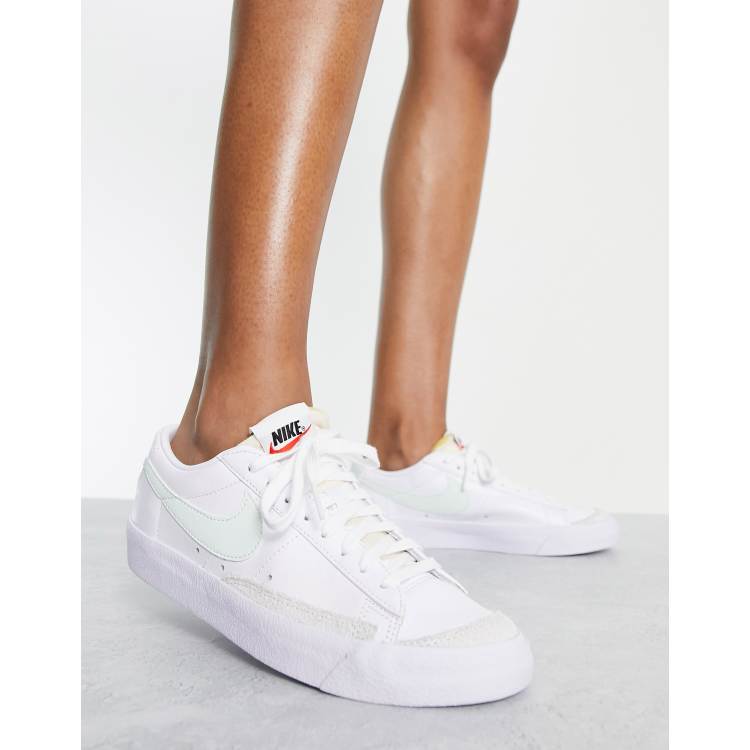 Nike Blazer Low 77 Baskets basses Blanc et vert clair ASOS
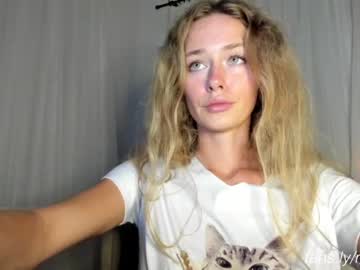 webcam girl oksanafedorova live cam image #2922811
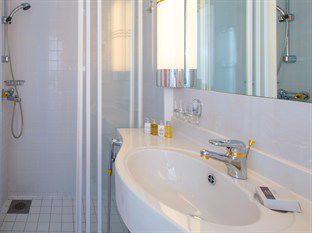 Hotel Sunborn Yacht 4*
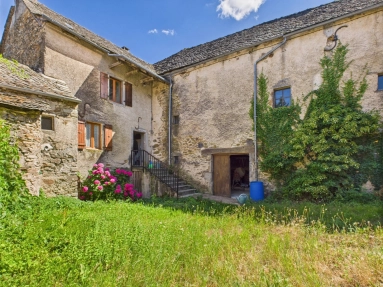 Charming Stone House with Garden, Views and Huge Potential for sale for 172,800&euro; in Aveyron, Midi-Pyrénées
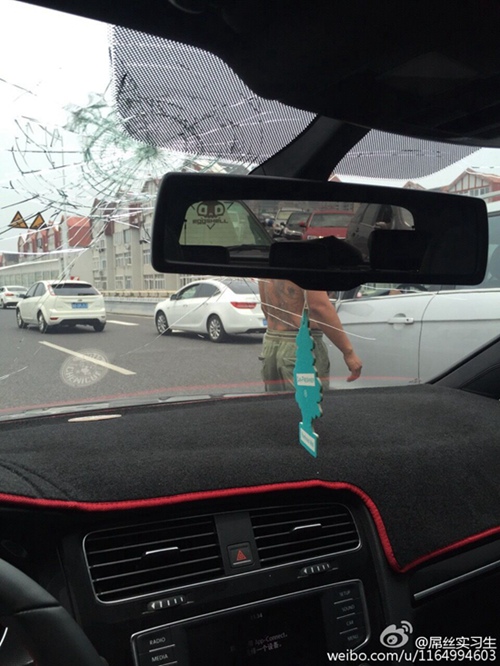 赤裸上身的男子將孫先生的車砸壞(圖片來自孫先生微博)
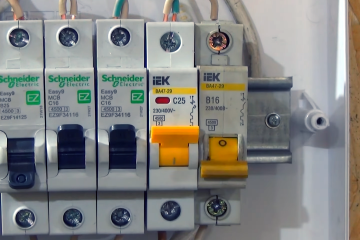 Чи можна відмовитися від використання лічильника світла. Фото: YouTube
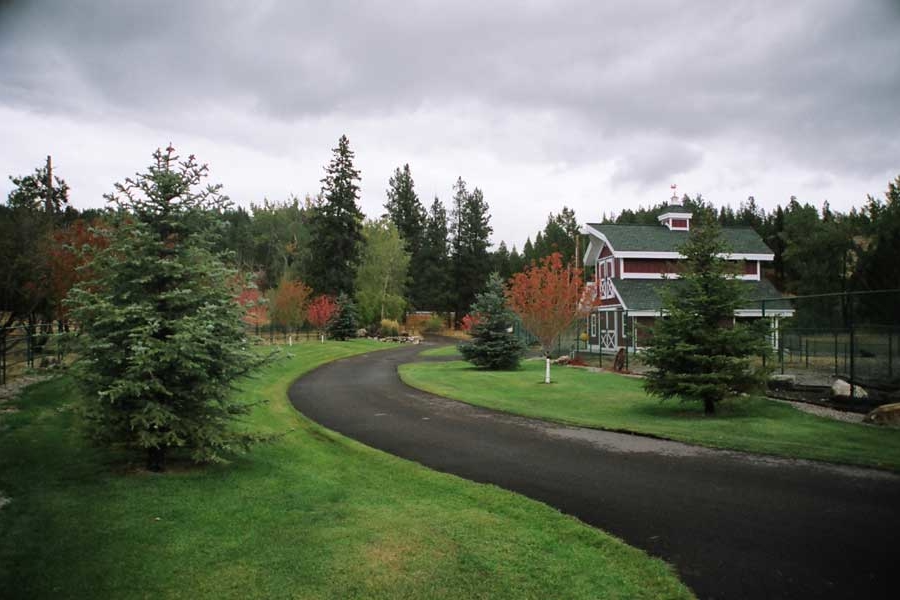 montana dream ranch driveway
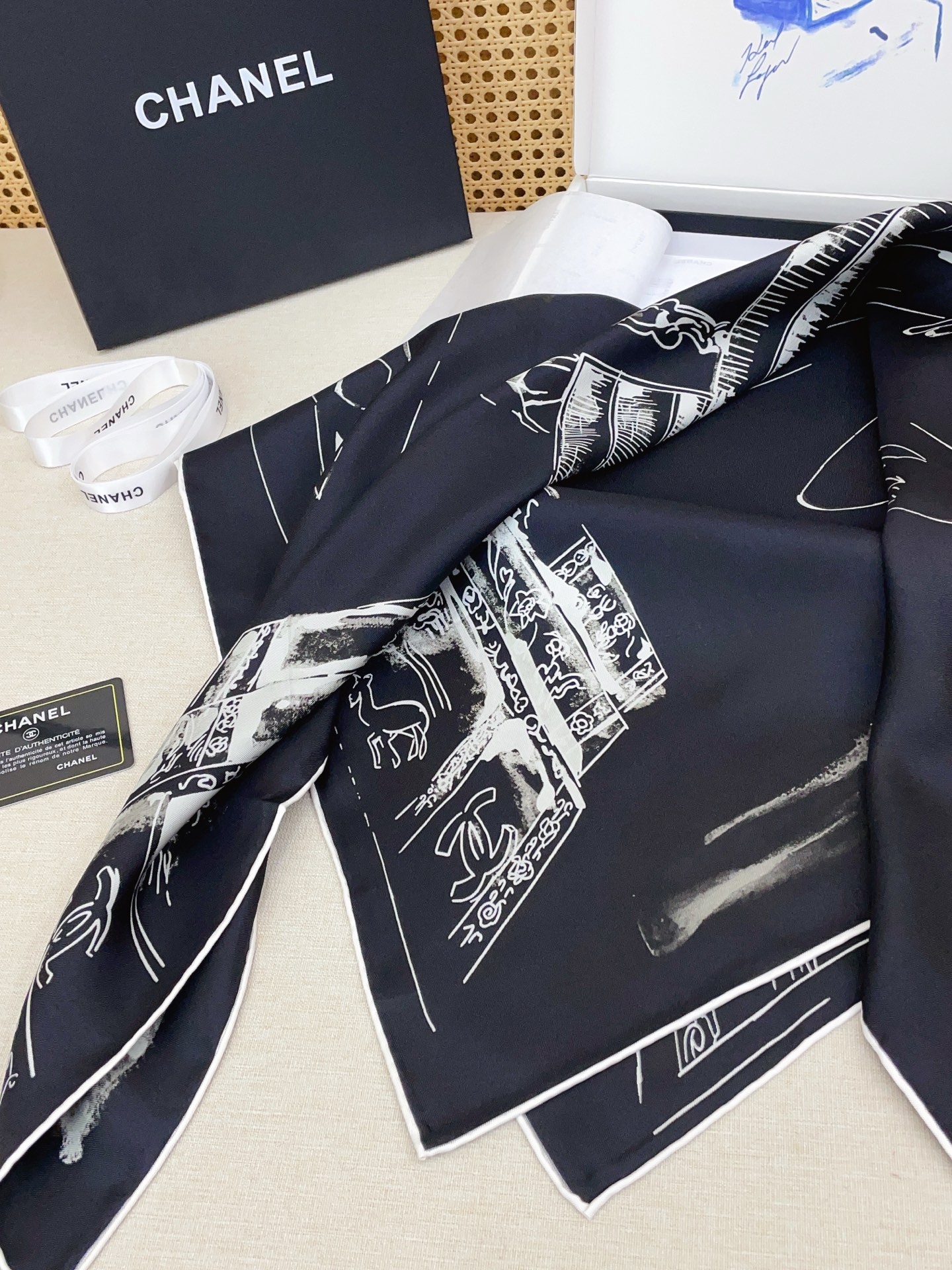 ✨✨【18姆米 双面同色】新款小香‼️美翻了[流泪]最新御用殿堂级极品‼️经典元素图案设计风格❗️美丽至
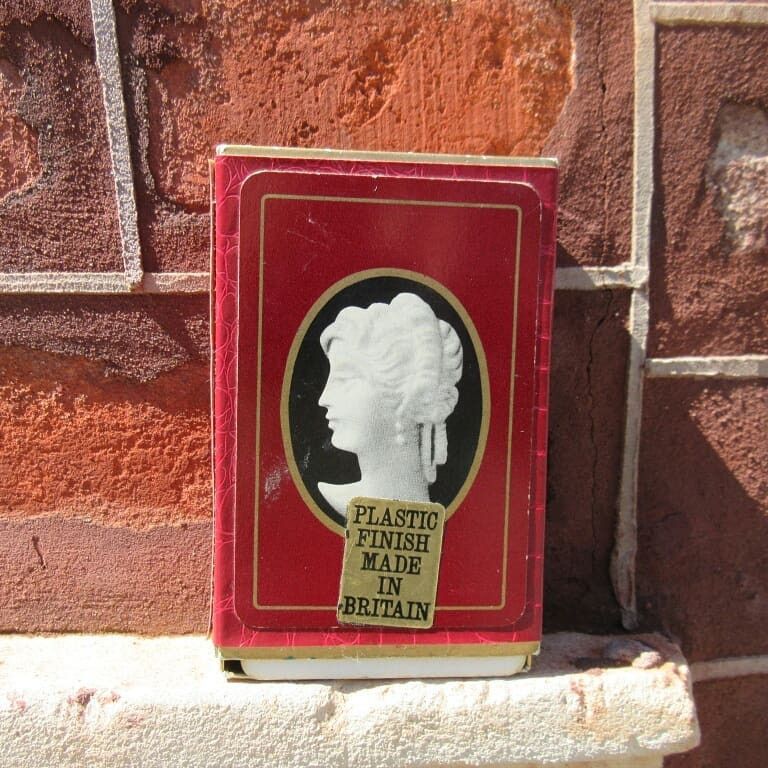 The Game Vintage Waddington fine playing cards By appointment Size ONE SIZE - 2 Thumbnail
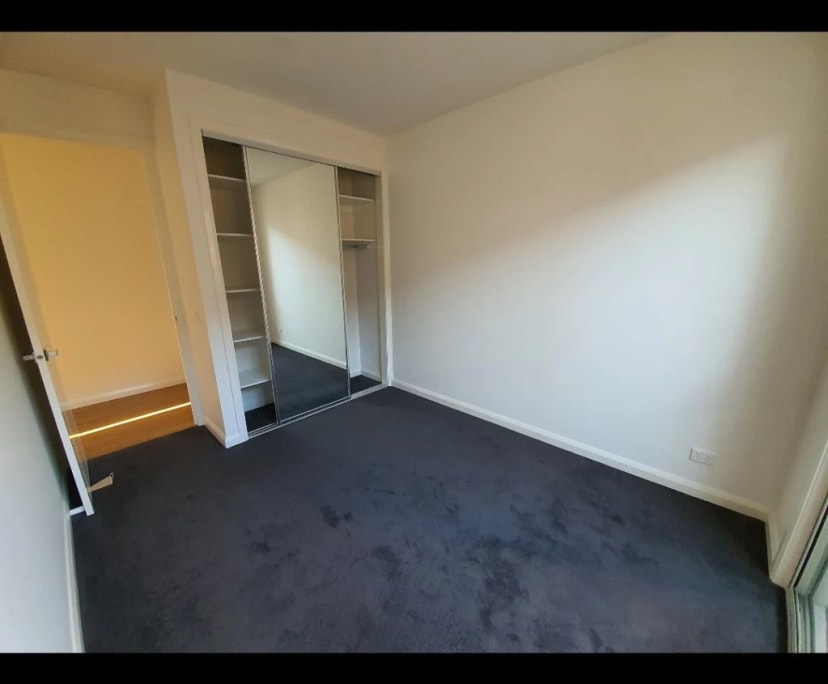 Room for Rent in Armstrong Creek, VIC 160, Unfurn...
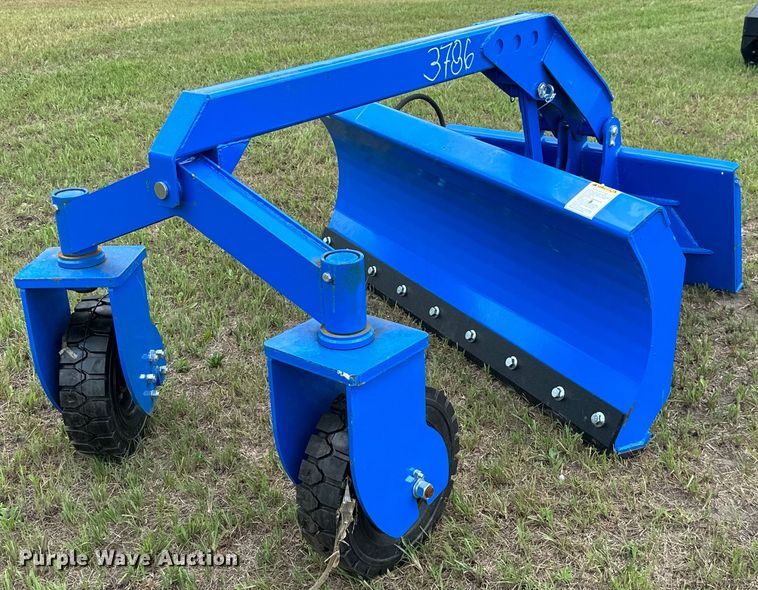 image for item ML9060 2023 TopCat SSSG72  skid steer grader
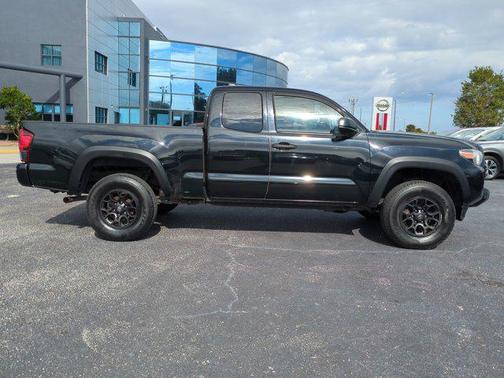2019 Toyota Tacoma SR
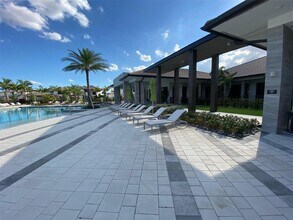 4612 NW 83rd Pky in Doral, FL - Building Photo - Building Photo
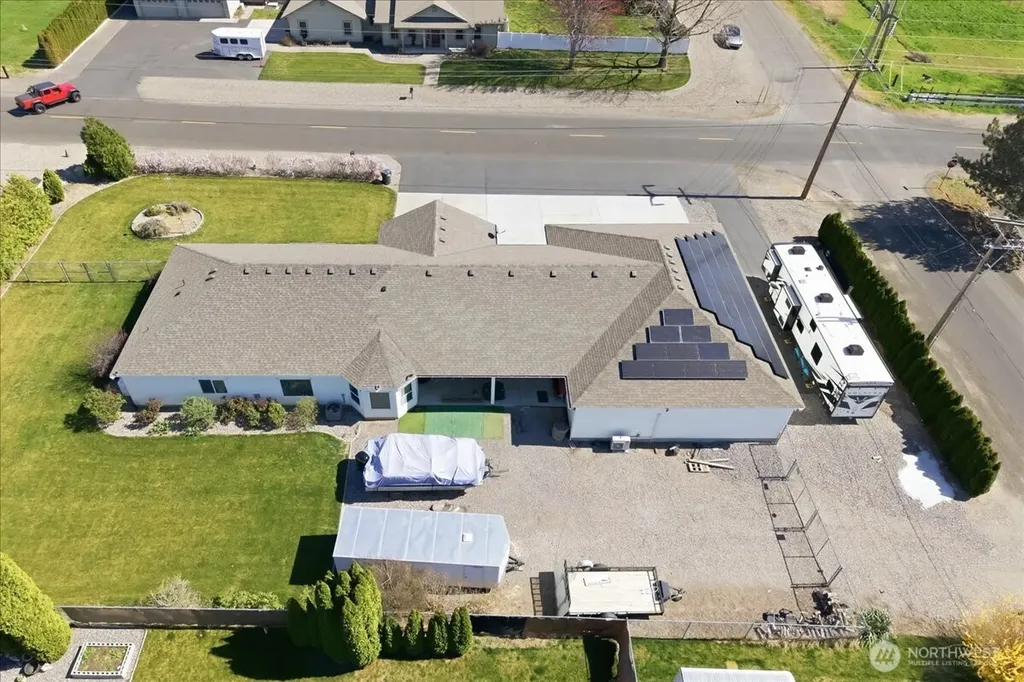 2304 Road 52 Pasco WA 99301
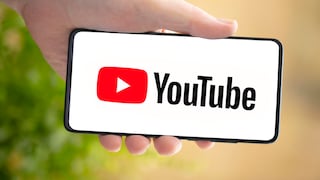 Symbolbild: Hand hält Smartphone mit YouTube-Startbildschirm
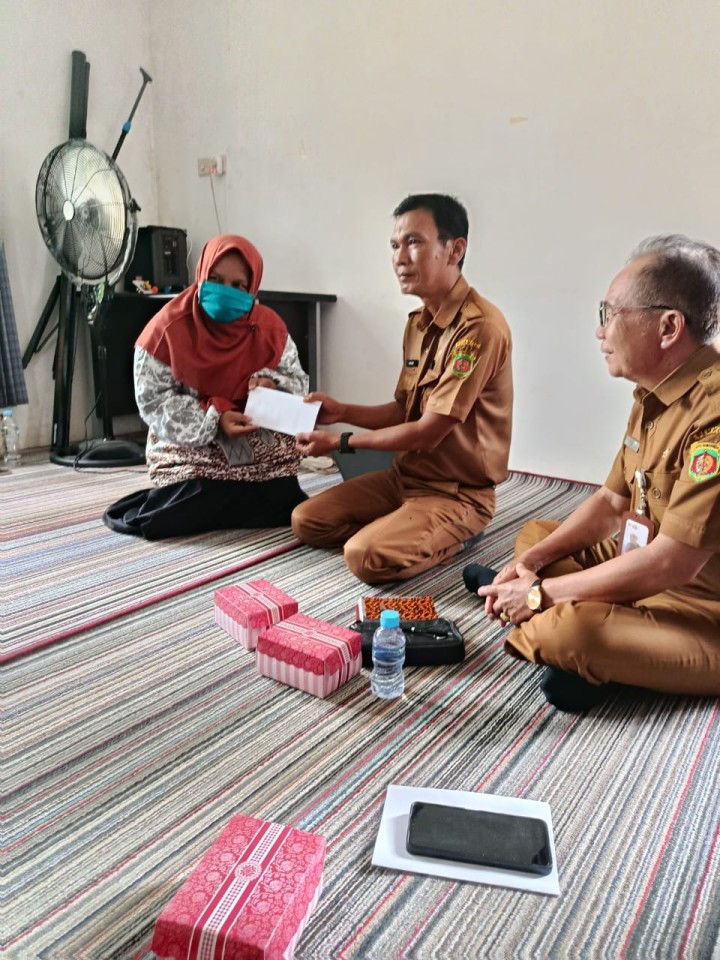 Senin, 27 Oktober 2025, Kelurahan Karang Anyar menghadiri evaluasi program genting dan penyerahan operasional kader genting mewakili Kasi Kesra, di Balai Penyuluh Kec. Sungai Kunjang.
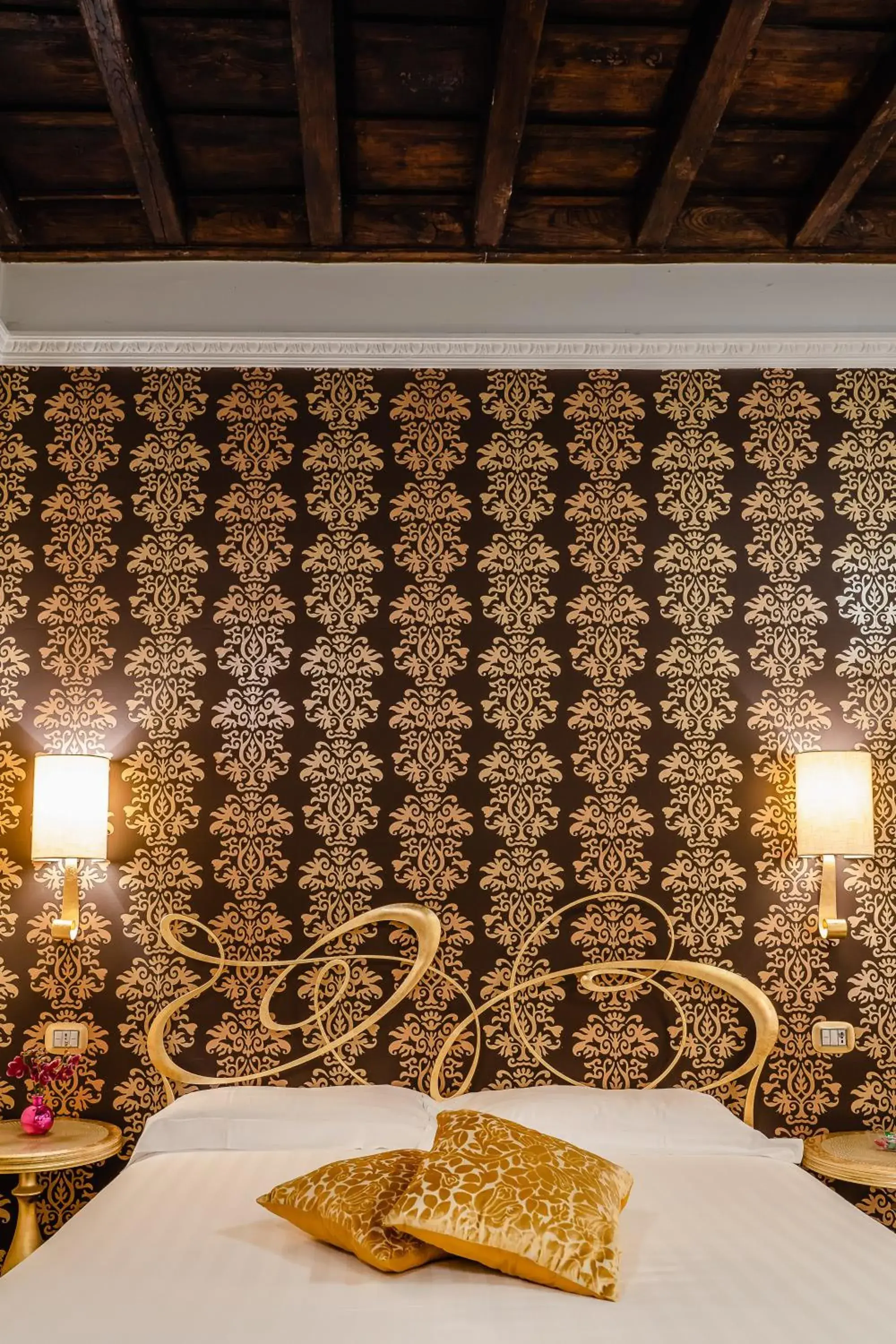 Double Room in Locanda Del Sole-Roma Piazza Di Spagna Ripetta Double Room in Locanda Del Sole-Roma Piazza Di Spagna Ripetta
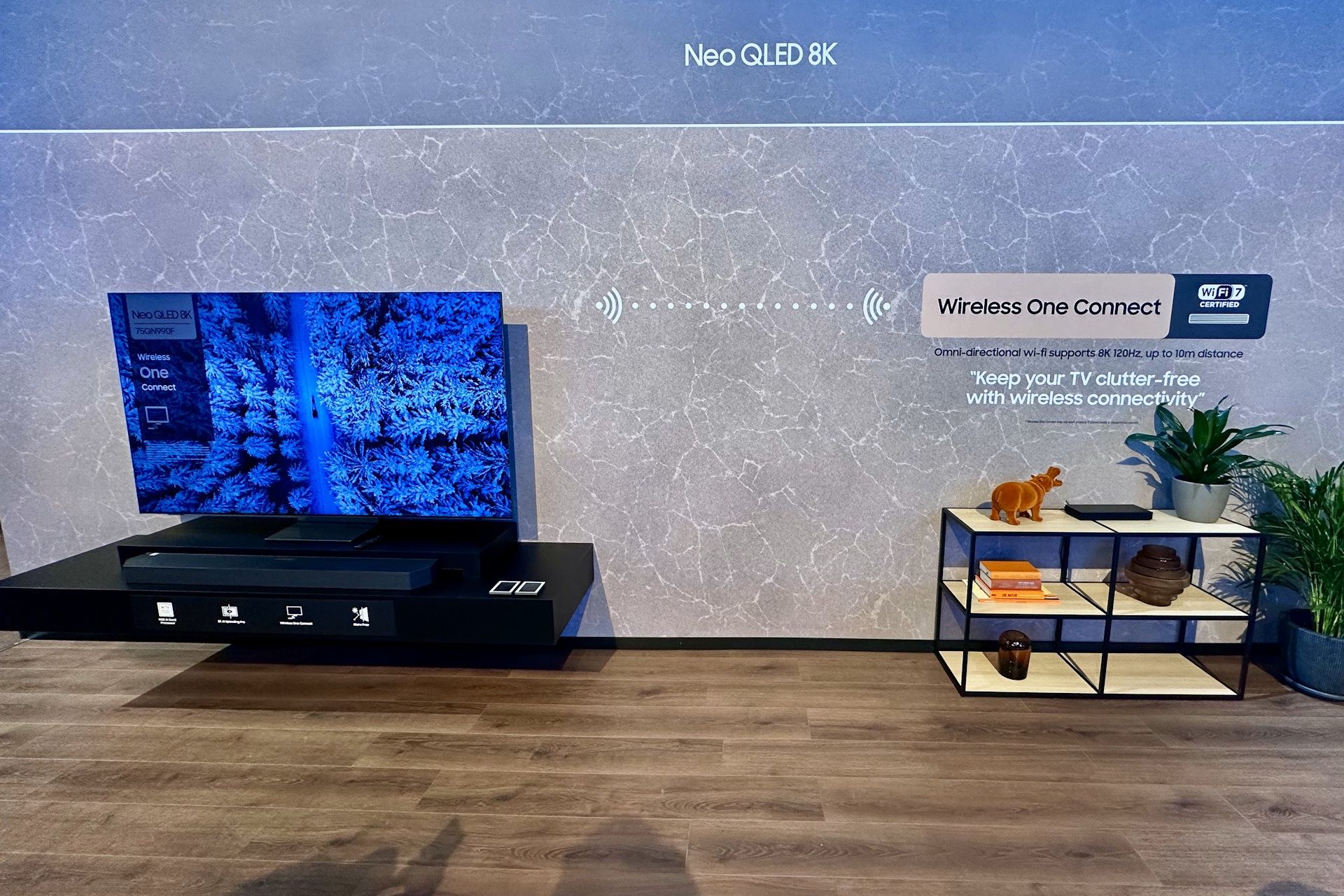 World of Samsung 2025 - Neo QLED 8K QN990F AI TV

------------------------------------------------------------

PROBLEM » With the pictures omitted, the entries are to be transcribed in full, exactly as they appear.

RESULT BELOW »
 Nike Blazer Low 77 Baskets basses Blanc et vert clair ASOS
 webcam girl oksanafedorova live cam image #2922811
 Hotel Sunborn Yacht 4*
 Charming Stone House with Garden, Views and Huge Potential for sale for 172,800&euro; in Aveyron, Midi-Pyrénées
 赤裸上身的男子將孫先生的車砸壞(圖片來自孫先生微博)
 Чи можна відмовитися від використання лічильника світла. Фото: YouTube
 montana dream ranch driveway
 ✨✨【18姆米 双面同色】新款小香‼️美翻了[流泪]最新御用殿堂级极品‼️经典元素图案设计风格❗️美丽至
 The Game Vintage Waddington fine playing cards By appointment Size ONE SIZE - 2 Thumbnail
 Room for Rent in Armstrong Creek, VIC 160, Unfurn...
 image for item ML9060 2023 TopCat SSSG72  skid steer grader
2019 Toyota Tacoma SR
 4612 NW 83rd Pky in Doral, FL - Building Photo - Building Photo
 2304 Road 52 Pasco WA 99301
 Symbolbild: Hand hält Smartphone mit YouTube-Startbildschirm
 Senin, 27 Oktober 2025, Kelurahan Karang Anyar menghadiri evaluasi program genting dan penyerahan operasional kader genting mewakili Kasi Kesra, di Balai Penyuluh Kec. Sungai Kunjang.
 Double Room in Locanda Del Sole-Roma Piazza Di Spagna Ripetta Double Room in Locanda Del Sole-Roma Piazza Di Spagna Ripetta
 World of Samsung 2025 - Neo QLED 8K QN990F AI TV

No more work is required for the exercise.